I obviously don't know what condition yours is in, but dollar for dollar those old Craftsman table saws are hard to beat, so agree with Ed at least as far as giving it a thorough tune-up. It will cost you some time, probably a couple of hours, but most likely little or no money, after which you can decide whether to update it with a new fence or retire it. Get the dust out of the way and clean the adjustment screws with pitch remover, followed by a few drips of light oil. The trunnion, carriage, or whatever you want to call it should be adjustable to allow the blade to be realigned with the table. After cleaning, there are any number of ways to bring the polish back to the top of the table. That's what I would do.


----------



## chrisb75 (Nov 26, 2013)

I appreciate all the input! I decided to go with a jobsite saw for now. I think that gives me the best of all worlds in portability, power, and accuracy for my needs. I went with the Dewalt saw I linked in the beginning. I guess many of the shortfalls of the original release (bad table quality and poor miter gauge) have been fixed. It should be here on Monday! I cannot wait!

:vs_karate:


----------



## de-nagorg (Feb 23, 2014)

What are your plans for the old Craftsman saw.

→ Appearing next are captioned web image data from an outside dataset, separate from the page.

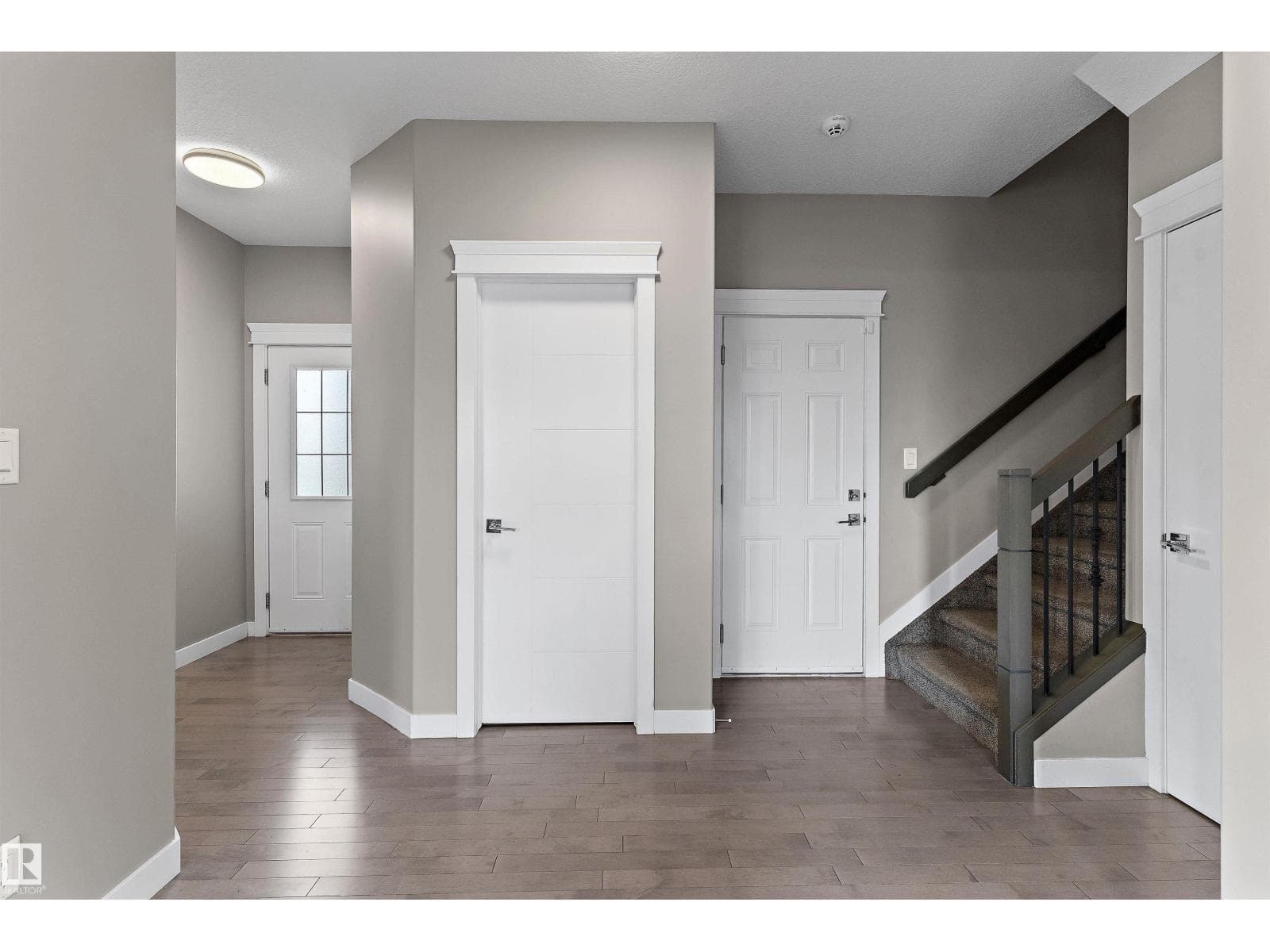 8729 Carson WY SW — photo 2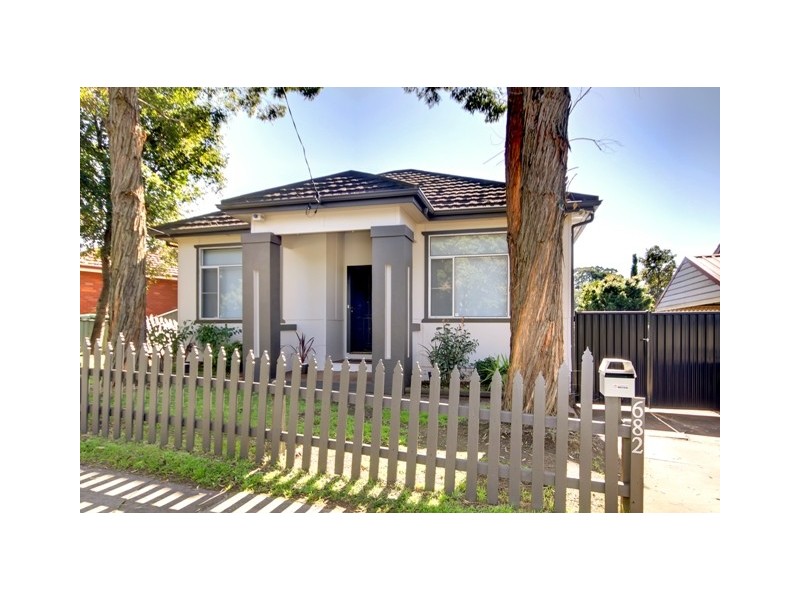 682 Forest Road, Peakhurst NSW 2210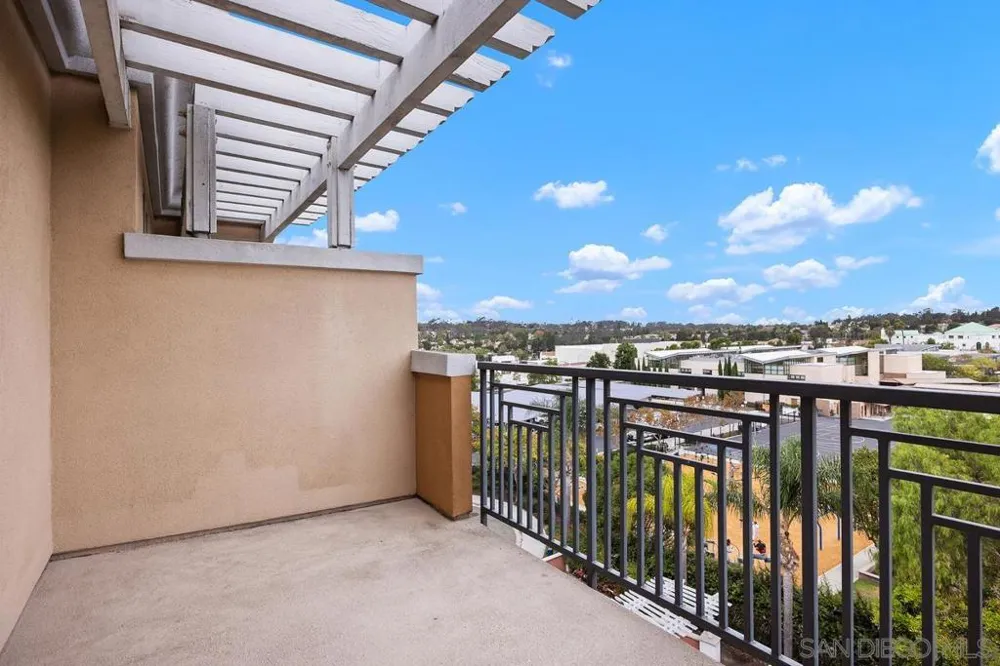 3877 Pell Place #429 San Diego, CA 92130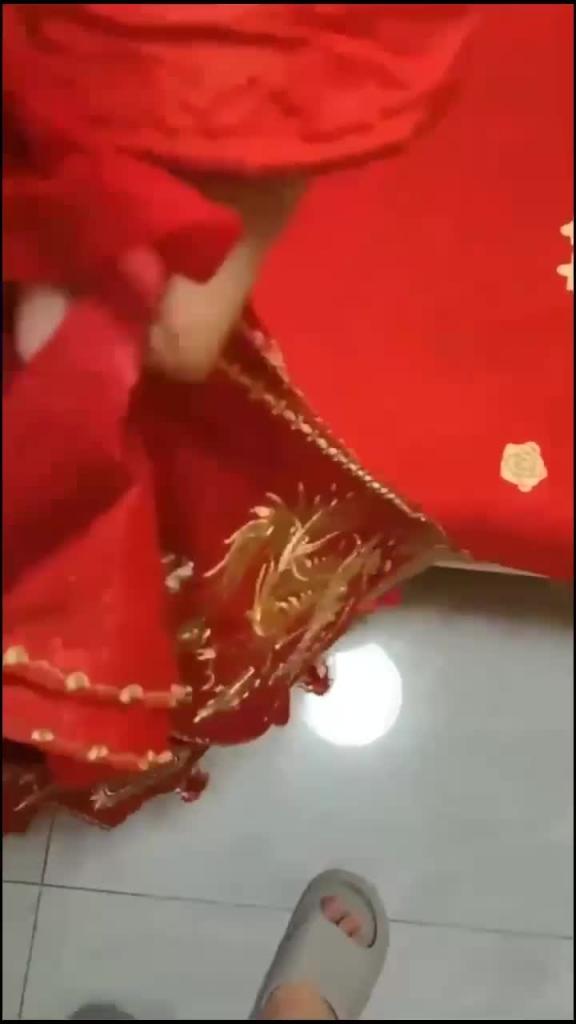 抖音网红好儿媳被爆是二婚.。。新婚当天凌晨在房间乱伦遭网暴 预览截图 3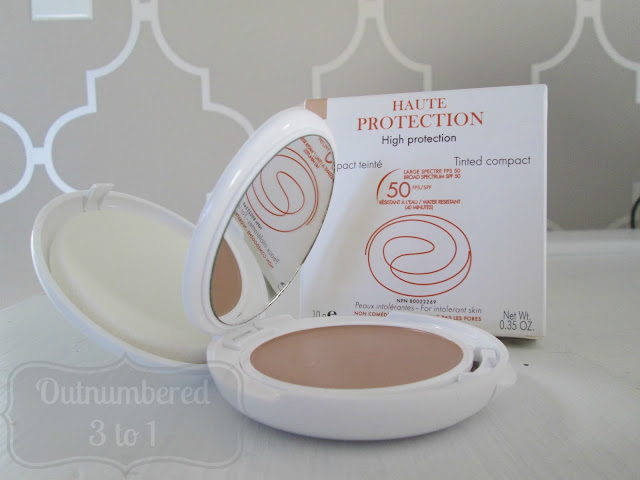 Avene USA open compact side view www.outnumbered3-1.com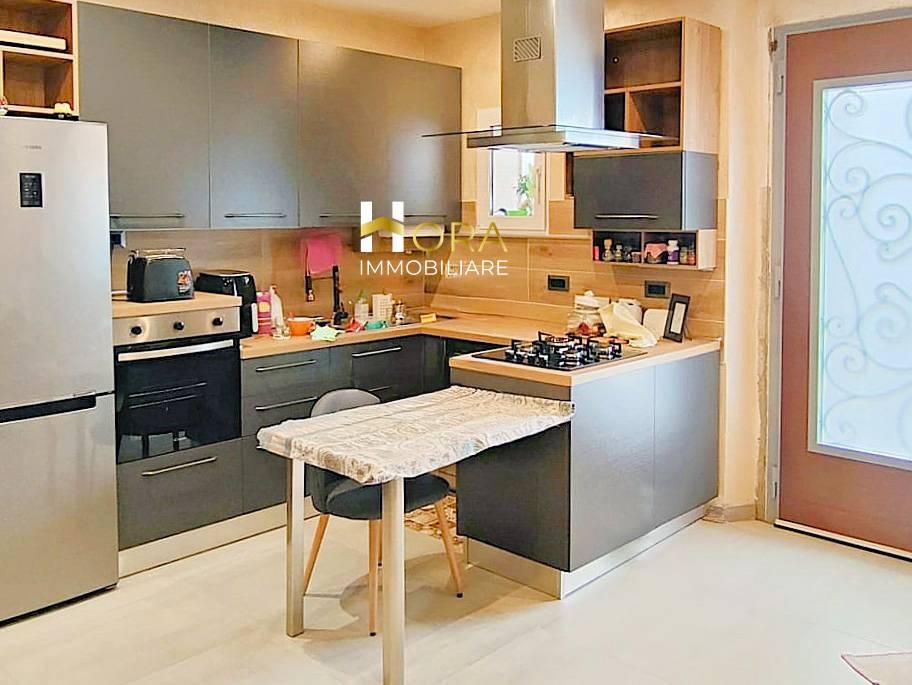 casa indipendente in vendita a Lastra a Signa in zona Ginestra Fiorentina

Don't throw it out, offer it to someone willing to repair it and put it to a useful life again.

Post your location, and see if one of the folks here is willing to adopt your outcast.

ED


----------



## chrisb75 (Nov 26, 2013)

de-nagorg said:


> What are your plans for the old Craftsman saw.


I already found someone to take it. While I appreciate the desire to fix old things, this saw was nothing special. Its smaller than the table top saws of today. If it was a larger saw or more of a cabinet type, I would be willing to put more into it. By the time I bought and found a new fence, new belts, a stand, and got it tuned up, I would have spent WAY more then the saw was worth.


----------



## MT Stringer (Oct 19, 2008)

Post some pics when you get it set up. :surprise::biggrin2::biggrin2::biggrin2:


----------



## SPG43 (Jul 17, 2016)

What? No love for the Bosch 4100 series? I've been using their job site saw with the gravity rise stand for 10 years with no complaints. I thought it was pretty much a standard amongst contractors. 
Then again if I was buying a new one today I'd take a good long look at the SawStop. I think the potential cost of a couple fingers would offset the slightly higher price tag.


----------



## chrisb75 (Nov 26, 2013)

I will have to try and post pictures later, but I have had the saw for about a week. I haven't done much on it yet as I am just finishing up rough electrical and HVAC vents. I have made a few cuts on it and I am super impressed. Cuts and rips 2x lumber like it was nothing. Used it to cut down a 4ft x 4ft 3/4 inch piece of plywood to make a little access box for my cable and phone lines. Again, cut through like butter. The setup was easy and the rolling stand is fantastic. I can't wait to put it through some more paces once I start trim work.


----------



## de-nagorg (Feb 23, 2014)

Keep your blade sharp and it will continue to perform well.

ED


----------



## KarenStein (May 30, 2016)

I'm late to this party - I've actually waited several days before posting.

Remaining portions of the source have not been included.